--- START ---

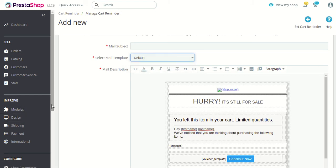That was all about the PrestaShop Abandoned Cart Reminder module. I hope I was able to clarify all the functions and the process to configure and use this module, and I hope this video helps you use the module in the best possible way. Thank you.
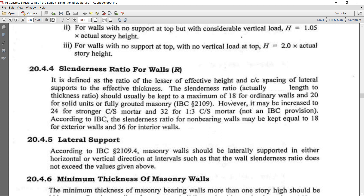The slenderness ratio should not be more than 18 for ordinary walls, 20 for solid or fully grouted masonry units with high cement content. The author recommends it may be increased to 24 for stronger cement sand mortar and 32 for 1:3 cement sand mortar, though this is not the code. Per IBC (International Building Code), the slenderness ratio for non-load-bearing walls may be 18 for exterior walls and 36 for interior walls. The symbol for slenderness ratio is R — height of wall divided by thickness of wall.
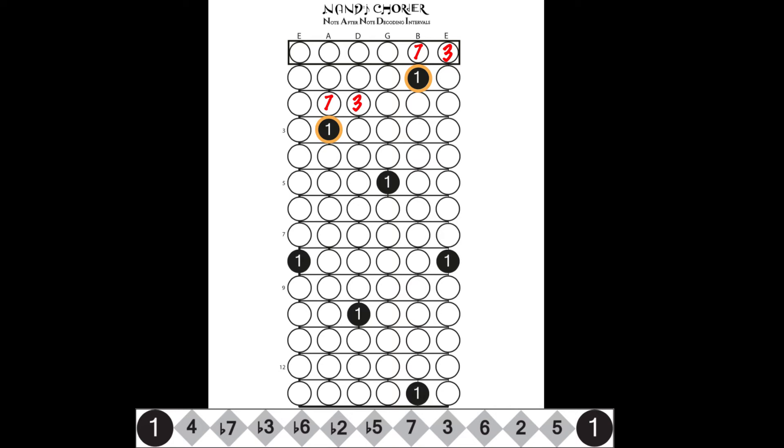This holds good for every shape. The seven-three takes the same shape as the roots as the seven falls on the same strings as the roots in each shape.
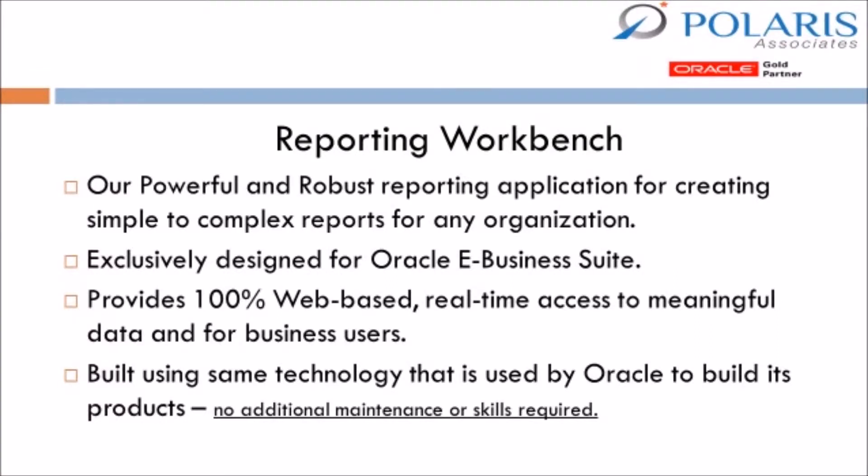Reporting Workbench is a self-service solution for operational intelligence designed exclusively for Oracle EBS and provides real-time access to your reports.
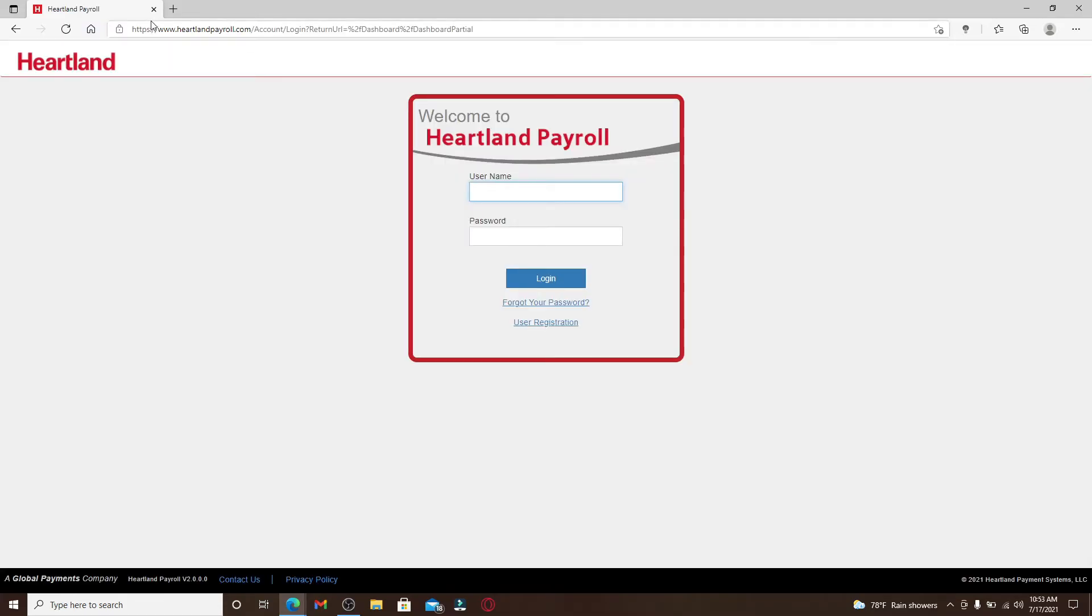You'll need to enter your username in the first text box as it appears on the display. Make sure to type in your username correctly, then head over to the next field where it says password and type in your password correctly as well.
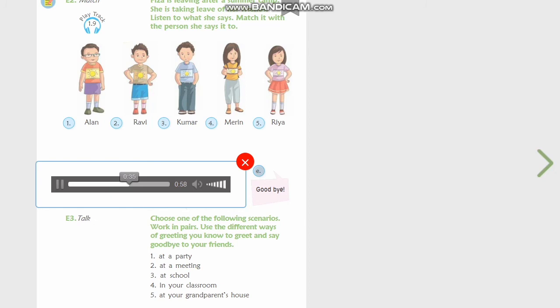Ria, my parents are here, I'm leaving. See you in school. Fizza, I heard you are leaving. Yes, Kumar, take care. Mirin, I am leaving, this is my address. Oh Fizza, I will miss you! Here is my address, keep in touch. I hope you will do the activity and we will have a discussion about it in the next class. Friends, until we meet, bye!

--- END ---

The response must consist of the entries above exactly as they stand, minus any pictures.

That was all about the PrestaShop Abandoned Cart Reminder module. I hope I was able to clarify all the functions and the process to configure and use this module, and I hope this video helps you use the module in the best possible way. Thank you.
The slenderness ratio should not be more than 18 for ordinary walls, 20 for solid or fully grouted masonry units with high cement content. The author recommends it may be increased to 24 for stronger cement sand mortar and 32 for 1:3 cement sand mortar, though this is not the code. Per IBC (International Building Code), the slenderness ratio for non-load-bearing walls may be 18 for exterior walls and 36 for interior walls. The symbol for slenderness ratio is R — height of wall divided by thickness of wall.
This holds good for every shape. The seven-three takes the same shape as the roots as the seven falls on the same strings as the roots in each shape.
Reporting Workbench is a self-service solution for operational intelligence designed exclusively for Oracle EBS and provides real-time access to your reports.
You'll need to enter your username in the first text box as it appears on the display. Make sure to type in your username correctly, then head over to the next field where it says password and type in your password correctly as well.
Ria, my parents are here, I'm leaving. See you in school. Fizza, I heard you are leaving. Yes, Kumar, take care. Mirin, I am leaving, this is my address. Oh Fizza, I will miss you! Here is my address, keep in touch. I hope you will do the activity and we will have a discussion about it in the next class. Friends, until we meet, bye!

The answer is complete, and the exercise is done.